The muscles that move the fingers and thumb are located in the forearm, above the wrist. Long tendons — called the flexor tendons — extend from the muscles through the wrist and attach to the small bones of the fingers and thumb.

These flexor tendons control the movements of the fingers and thumb. When you bend or straighten your finger, the flexor tendon slides through a snug tunnel, called the tendon sheath that keeps the tendon in place next to the bones.

The flexor tendon can become irritated as it slides through the tendon sheath tunnel. As it becomes more and more irritated, the tendon may thicken and nodules may form, making its passage through the tunnel more difficult.

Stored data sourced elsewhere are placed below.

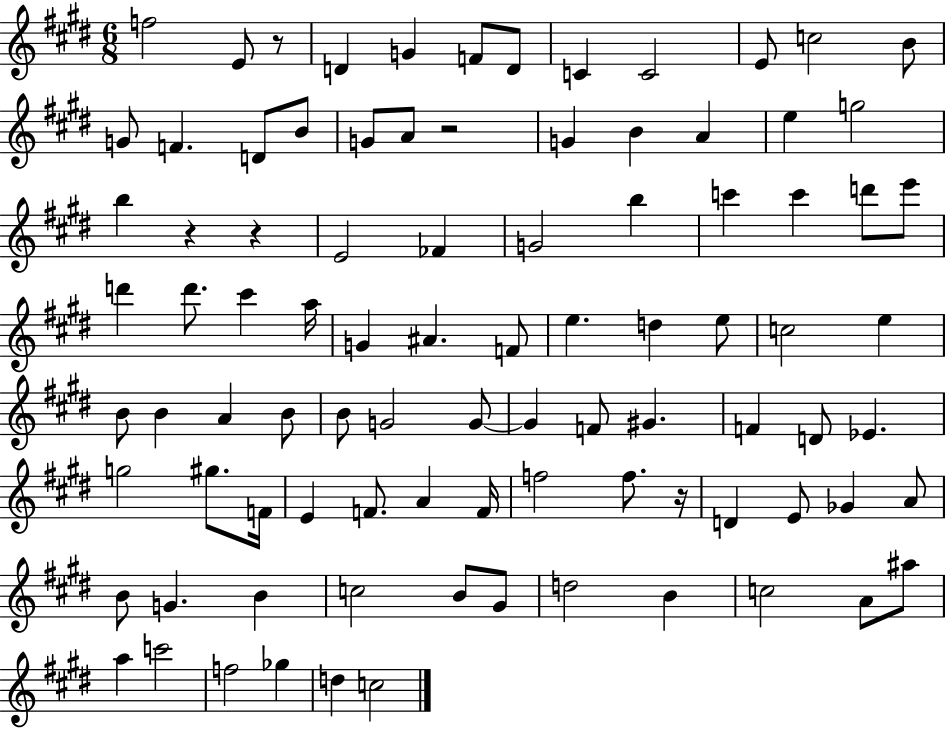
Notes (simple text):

F5/h E4/e R/e D4/q G4/q F4/e D4/e C4/q C4/h E4/e C5/h B4/e G4/e F4/q. D4/e B4/e G4/e A4/e R/h G4/q B4/q A4/q E5/q G5/h B5/q R/q R/q E4/h FES4/q G4/h B5/q C6/q C6/q D6/e E6/e D6/q D6/e. C#6/q A5/s G4/q A#4/q. F4/e E5/q. D5/q E5/e C5/h E5/q B4/e B4/q A4/q B4/e B4/e G4/h G4/e G4/q F4/e G#4/q. F4/q D4/e Eb4/q. G5/h G#5/e. F4/s E4/q F4/e. A4/q F4/s F5/h F5/e. R/s D4/q E4/e Gb4/q A4/e B4/e G4/q. B4/q C5/h B4/e G#4/e D5/h B4/q C5/h A4/e A#5/e A5/q C6/h F5/h Gb5/q D5/q C5/h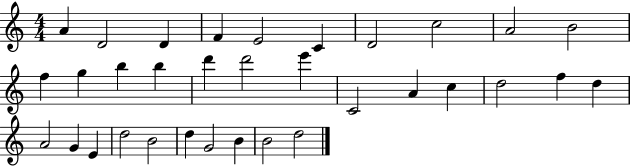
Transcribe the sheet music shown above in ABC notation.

X:1
T:Untitled
M:4/4
L:1/4
K:C
A D2 D F E2 C D2 c2 A2 B2 f g b b d' d'2 e' C2 A c d2 f d A2 G E d2 B2 d G2 B B2 d2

The tendon sheath may also thicken, causing the opening of the tunnel to become smaller.

If you have trigger finger, the tendon becomes momentarily stuck at the mouth of the tendon sheath tunnel when you try to straighten your finger. You might feel a pop as the tendon slips through the tight area and your finger will suddenly shoot straight

Trigger Finger

Causes

  • Trigger fingers are more common in women than men.
  • They occur most frequently in people who are between the ages of 40 and 60 years of age.
  • Trigger fingers are more common in people with certain medical problems, such as diabetes and rheumatoid arthritis.
  • Trigger fingers may occur after activities that strain the hand.

Symptoms

  • A tender lump in your palm
  • Swelling
  • Catching or popping sensation in your finger or thumb joints
  • Pain when bending or straightening your finger

Stiffness and catching tend to be worse after inactivity, such as when you wake in the morning. Your fingers will often loosen up as you move them.

Treatments

Non-Surgical Treatment

Rest-If symptoms are mild, resting the finger may be enough to resolve the problem. Your doctor may recommend a splint to keep your finger in a neutral, resting position.

Medications– Over-the-counter pain medications, such as non-steroidal anti-inflammatory medicines (NSAIDS) or acetaminophen can be used to relieve the pain.

Steroid Injections-Your doctor may choose to inject a corticosteroid — a powerful anti-inflammatory medication — into the tendon sheath. In some cases, this improves the problem only temporarily and another injection is needed. If two injections fail to resolve the problem, surgery should be considered.

Surgical Treatment

Trigger Finger

The goal of surgery is to widen the opening of the tunnel so that the tendon can slide through it more easily. This is usually done on an outpatient basis, meaning you will not need to stay overnight at the hospital.

Most people are given an injection of local anesthesia to numb the hand for the procedure.

The surgery is performed through a small incision in the palm or sometimes with the tip of a needle. The tendon sheath tunnel is cut. When it heals back together, the sheath is looser and the tendon has more room to move through it.